FairPoint and the claimants both appealed to the appellate board. See RSA 282-A:64 (2010). The board: (1) concluded that the commissioner had properly reopened the first tribunal's decision because it was based on a mistake of law as to what constituted a "stoppage of work"; (2) affirmed the second tribunal's decision finding that FairPoint failed to establish that the strike resulted in a "stoppage of work"; and (3) reversed the second tribunal's decision that the strike pay received by certain claimants constituted deductible wages. The appellate board denied FairPoint's motion for reconsideration, and this appeal followed.

II

Our standard of review is governed by RSA 282-A:67 (2010). That statute confines our review to the record and prohibits us from substituting our judgment for that of the appeal tribunal, as reversed, modified, or affirmed by the appellate board, as to the weight of the evidence on questions of fact.
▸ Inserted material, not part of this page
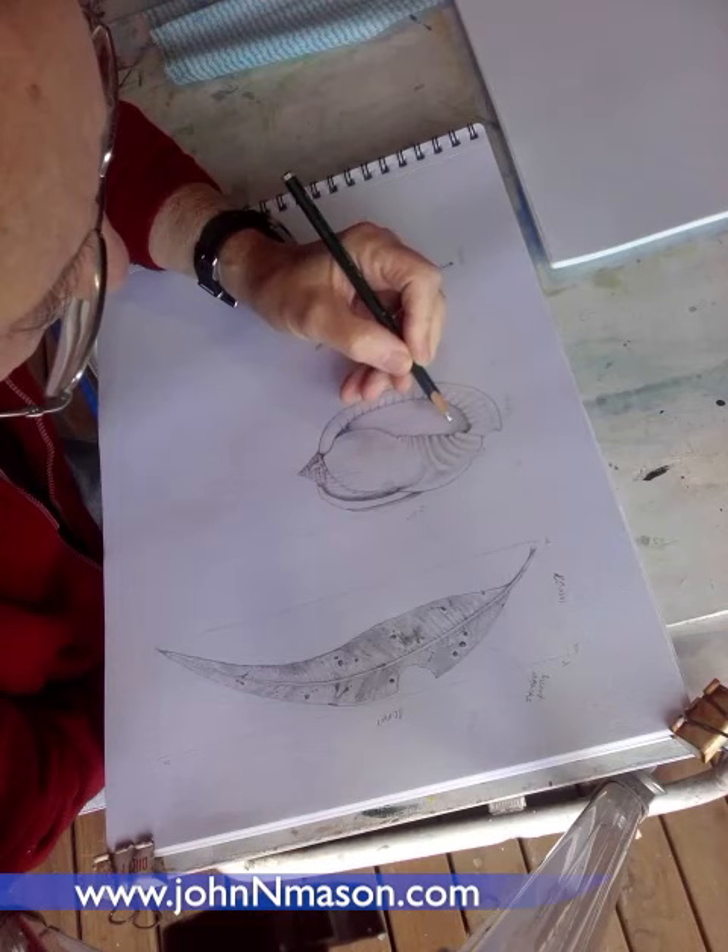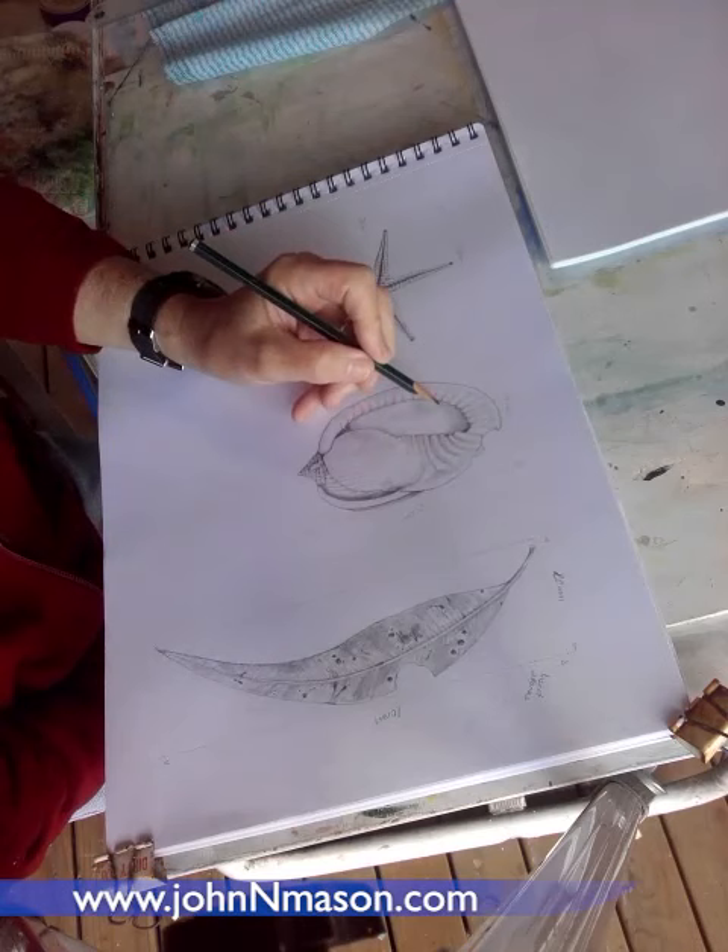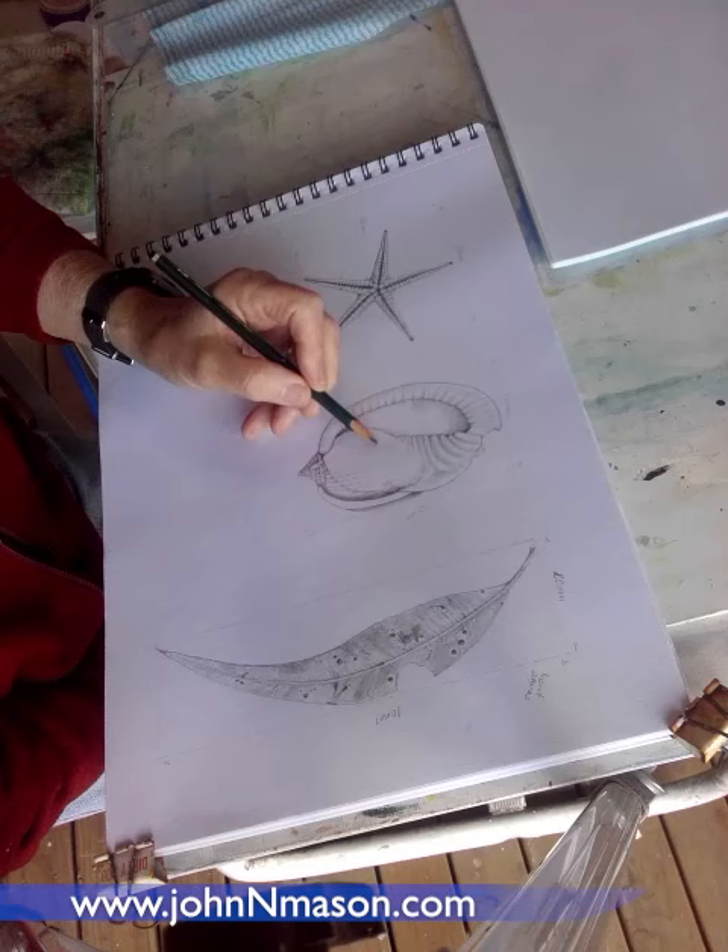Drawing a gum leaf with insect bites missing out of it, and a tiny starfish with lots of fiddly bits of detail.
RSA 282-A:67, II, IV, V. We may overturn a decision of the appeal tribunal only if the substantial rights of the appellant have been prejudiced because its findings, inferences, or conclusions are "(a) [i]n violation of constitutional or statutory provisions; (b) [i]n excess of statutory authority; (c) [m]ade upon unlawful procedures; (d) [c]learly erroneous in view of the substantial evidence on the whole record; or (e) [a]ffected by other error of law." RSA 282-A:67, V2 ; see Appeal of Mullen, 169 N.H. 392, 396, 149 A.3d...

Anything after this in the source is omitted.